El octavo día, después de la semana, es el domingo, el día que nos abre a la eternidad de Dios, más allá de los límites del tiempo. Cristo resucitado ha abierto el tiempo cronológico (medido por el reloj y el calendario) al tiempo salvífico y eterno (Alfa y Omega, Señor del tiempo y de la historia, para siempre). El domingo es el día del Señor, es decir, le pertenece a Él, y nosotros, que le pertenecemos, consagramos y santificamos el domingo viviendo la santísima Resurrección del Señor participando de la Santa Misa, como luz y centro de todo, fuente y culmen. Así fue desde el mismo día de la Resurrección del Señor. Él se aparece -narra Jn 20- en el domingo a los Apóstoles, y de nuevo a los ocho días, otro domingo, para que Tomás, ya allí presente, ya allí con la Iglesia y no por libre, pueda gozar de la experiencia del Señor.
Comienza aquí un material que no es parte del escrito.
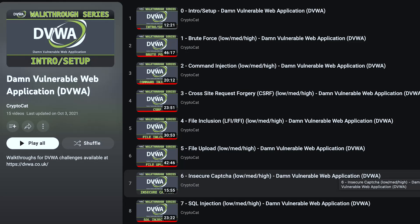I would also like to give a shout out to CryptoCat's playlist — I will link it below. They have made videos for every single bug on DVWA where they solve it through the web application and they also look at the code and analyze it for finding the root cause of the bug. So shout out to them, and if you're using DVWA to learn code reviews, these videos are definitely worth watching.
El domingo es el día del Señor y nuestro día más querido: cada domingo es el día del Resucitado, cada domingo es nuestra fiesta, "la fiesta primordial de los cristianos". Es lo que resaltaba luminosamente la Constitución Sacrosanctum Concilium, del Vaticano II:

La celebración del domingo ni es arbitraria ni una carga, ni es indiferente celebrar la Misa del domingo o ir cualquier otro día. El Cuerpo de Cristo es visibilizado en la asamblea dominical, en la convocatoria todo el pueblo cristiano. Cada uno, como granos de trigos dispersos a lo largo de la semana en nuestros quehaceres, trabajos, obligaciones, acude el domingo para formar un solo Pan, una sola Hostia, en unidad de tantos granos, y así ser Cuerpo de Cristo ofreciendo y comulgando el Cuerpo sacramental de Cristo. Necesitamos reevangelizarnos sobre el domingo y necesitamos evangelizar mostrando la belleza y el sentido del domingo, para salvarlo de la secularización.

¡Resucitó el Señor!

A los ocho días, cada ocho días, Cristo el Resucitado nos convoca para el sacrificio pascual de la Eucaristía. Ya no le veremos con los ojos de la carne, apareciéndose, dejándose ver, pero sí estará igualmente presente en el Cenáculo eclesial, en medio de sus hermanos, hablando por las lecturas de la Palabra, haciéndose presente en el altar con su Cuerpo y Sangre, dejándose tocar al comer y beber el Pan y el Vino eucarísticos, su Presencia real.